I remember watching Dota 2’s The International 6 (TI6) last year, and they revealed the Virtual Reality (VR) Hub feature for spectators which got my friends and I really impressed.
That’s how immersive a game can get!
Now, we’ll be able to personally experience the future of VR gaming too.
Today, 24 November 2017, will be the official opening of Zero Latency in Singapore – Southeast Asia’s first warehouse-scale, free-roaming VR gaming experience.
Players suit up with their custom-made gear that are designed for maximum immersion.
They then enter the world of the game and move around to complete the objectives of the game.
L4D In Virtual Reality
We had a taste of Zombie Survival, one out of the three games at Zero Latency.
If you’ve played, or are a fan of Left For Dead (L4D), the popular multiplayer first-person shooter game, Zombie Survival is like that.
Yes, it’s kind of like playing L4D in VR!
The game’s objective is to defend the fort from hoards of zombies and stay alive while waiting for help to arrive.
Before players begin, staff will lead you into a small briefing room and the game master will explain the rules of the game and safety precautions.
After putting on the gear and adjusting them to your comfort, players will be moved to the 200sqm game area where they’ll pick up their weapon.
200sqm might sound small, but Zero Latency reuses the space with nifty tricks they have developed so players can roam and explore the virtual world freely.
The game begins after every player is standing in their own portal.
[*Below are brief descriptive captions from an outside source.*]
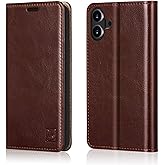 Belemay Leather Wallet Case Compatible with iPhone 17, Premium Cowhide Leather Two-Tone Effect, RFID Blocking Card Holders, Shockproof TPU Shell, Kickstand, Protective Flip Cover, 6.3", Brown
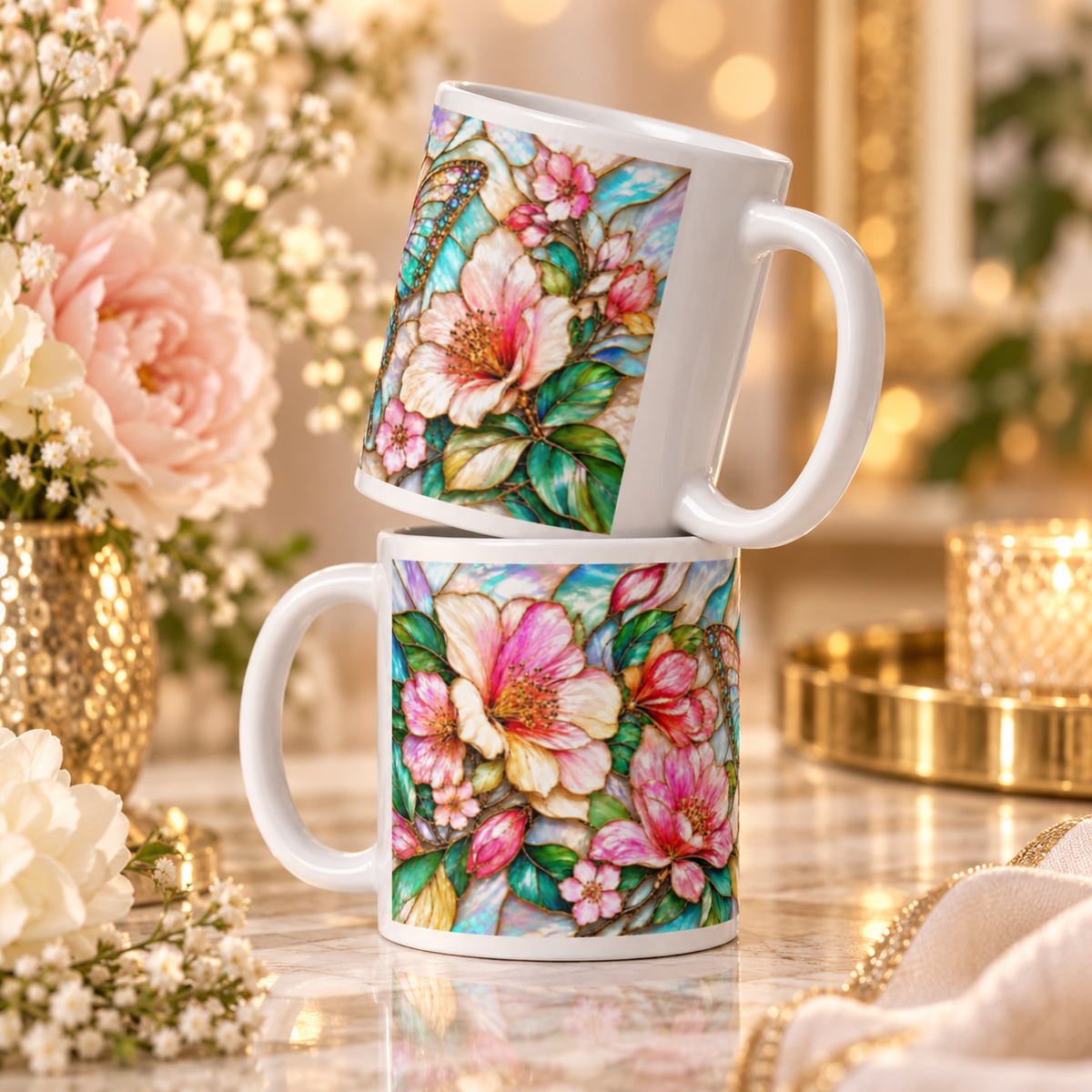 Mug Papillon Vitrail, Tasse Rose et Or Irisé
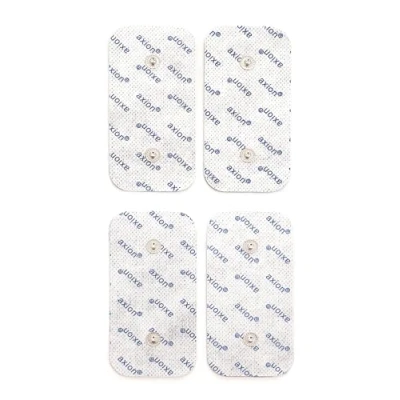 Image de 4 électrodes axion 10x5 cm Compatibles avec les électrostimulateurs COMPEX Patchs pour TENS et EMS réutilisables autocollants connecteur bouton 3,75 mm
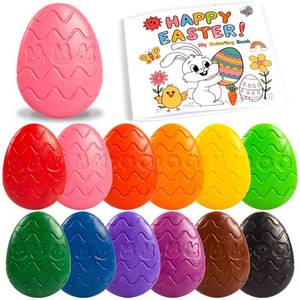 lot 2131 image: VKTEN Egg-Shaped Toddler Crayons, 12 Colors Non-Toxic Washable Crayons for Kids with Easter Coloring Book �� Perfect Easter Basket Stuffers for Babies Toddler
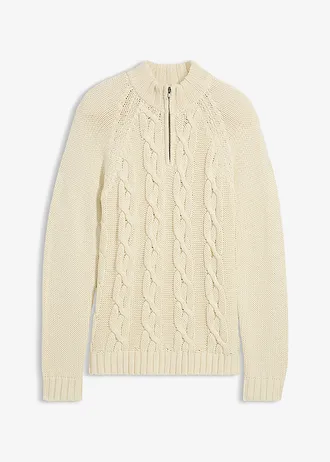 Pulover în stil troyer tricotat cu ochiuri mari, model cu torsade, din amestec moale cu bumbac • bej natur • magazin bonprix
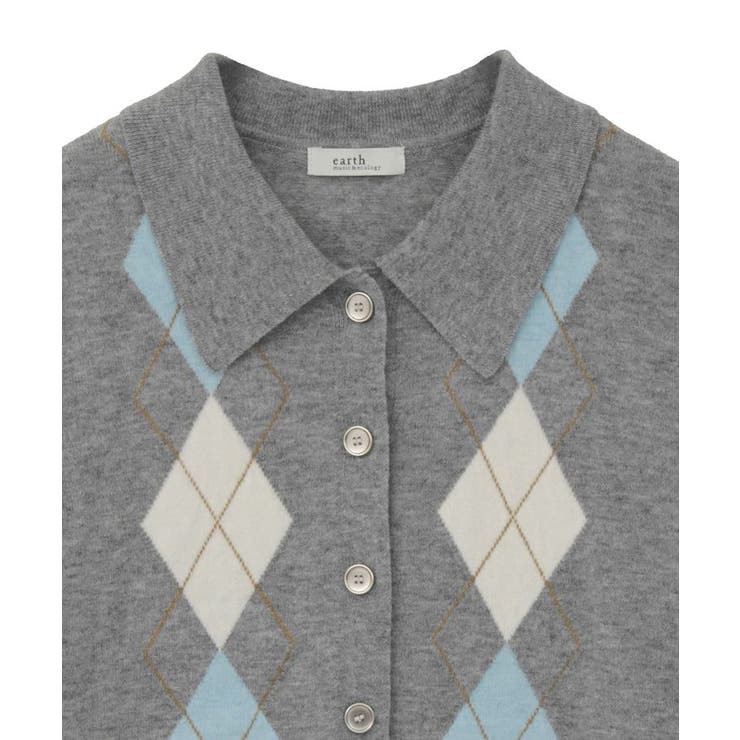 襟付きアーガイルニットカーディガン | earth music&ecology  | 詳細画像28 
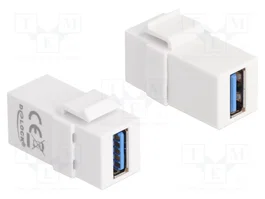 DeLOCK Módulo Keystone USB 3.0 hembra a USB 3.0 hembra blanco (1:1)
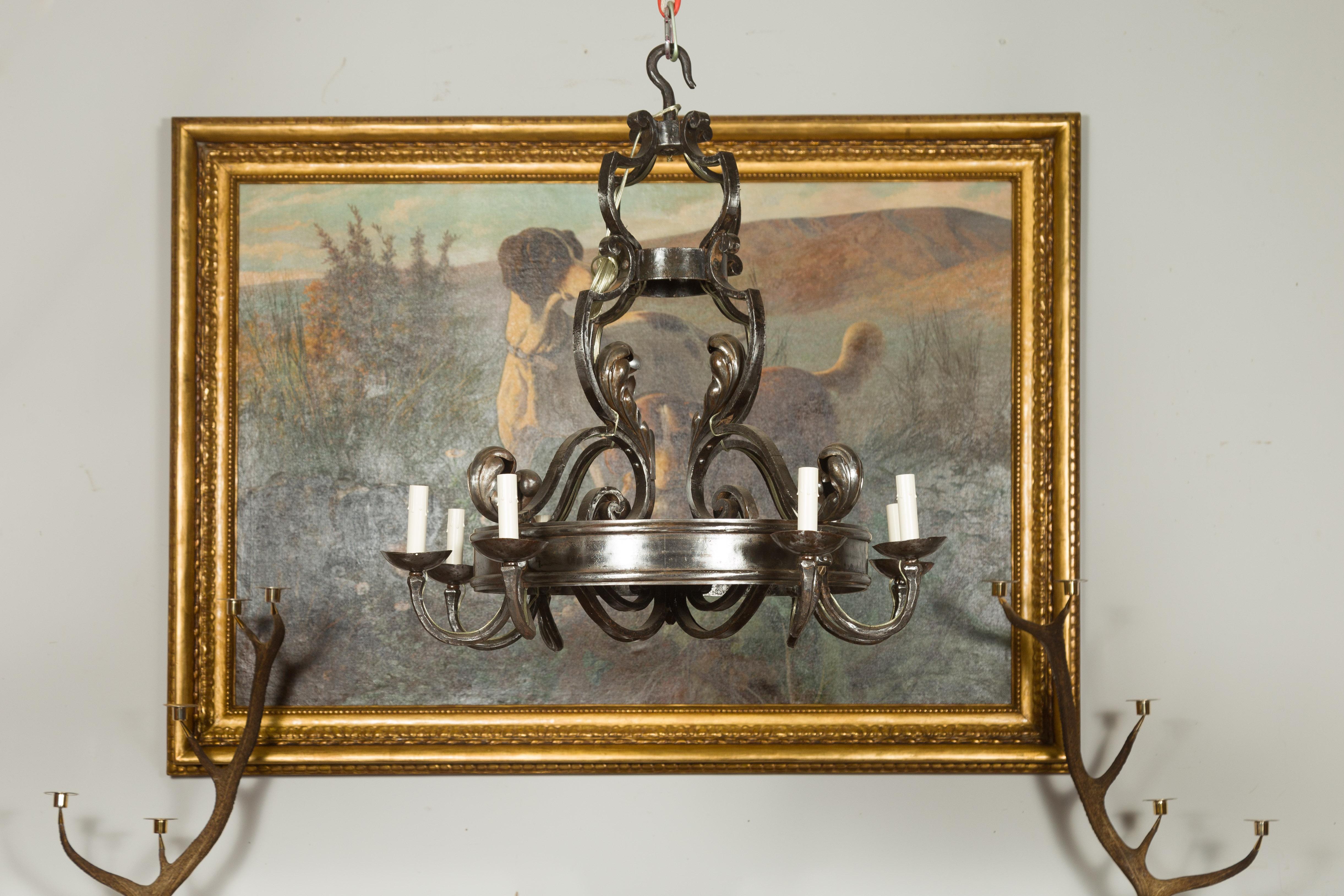 Midcentury French Polished Steel Eight Light Acanthus Leaves Ring Chandelier For Sale 6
The crisp voice communication and 2K resolution graphics is powered by Razer, and the exciting gameplay coupled with the weighted model gun made the game twice as engaging!
We came out from the arena 15 minutes later, perspiring from the adrenaline and the thrill of shooting down those nasty undead.
The other two games offered are Singularity and Engineerium, which last for 30 minutes and 15 minutes respectively.
Singularity takes place in space where players’ survival depend on which of the four weapon modes they choose to use against the enemy.
Players have to take down killer robots and rogue drones and work together to complete the game.
In Engineerium, players have to connect the platforms to progress in the game.
It is essentially a puzzle game set in a fantasy alien world with flying whales and parrot rays. Teamwork is key in this family-friendly game.
Zeroing In On The Latency Of VR
Making virtual reality a reality has been considered a pipe dream for quite some time.
Sure, some forms of VR exist, in the forms of holograms and gaming consoles with motion sensors like the Wii and Kinect, but they have never been as immersive as what is being offered at Zero Latency.
Co-founder of Zero Latency, Tim Ruse, has described Zero Latency as the “ultimate virtual reality gaming experience”.
To put it succinctly in his own words:
“Your body becomes the controller.”
He further explained that reality, mobile, VR, and computer experiences will “merge into one seamless continuum as the gaming industry develops”.
VR will eventually fall into the same space and become a part of how we interact with each other, our devices and the content we love.
You could say that Tim Ruse and his fellow co-founders were the trendsetters in the VR gaming industry.
Their “revolutionary” idea came about in 2012, when Oculus started a Kickstarter campaign for the Rift and succeeded in producing the world’s first VR headset.
In 2013, they came up with a single-player prototype which was then demonstrated to the public in 2014.
Ruse said in an interview with Smart Company, “It was probably in mid-2014 we realised the business could be a real thing, and then it was about how we build that bridge from a hobby into a full-time business.”
Their crowdfunding campaign of US$32,000, was their “hardest money (Ruse) ever earned”.
Subsequently, they raised about US$10 million and opened their first outlet in 2015, in Melbourne, Australia where they are based at.
Now, Zero Latency is raking in US$12 million annually, with branches in cities in North America, Japan, Spain, and Melbourne.
Singapore is its 14th branch, brought in by Tomorrow Entertainment, the holding company responsible for trampoline park BOUNCE.
The Future Of Gaming Looks Something Like This
What comes out at the top of my mind when I think of entertainment for groups of people is karaoke. It’s an easy, interactive activity that is easily accessible.
In a few years down the road, VR gaming could evolve to become just like that. There might even be VR arenas – like a LAN shop, but for VR gaming!
Well, I’ll be waiting for the day I can cast Freezing Field as Rylai, the Crystal Maiden in VR.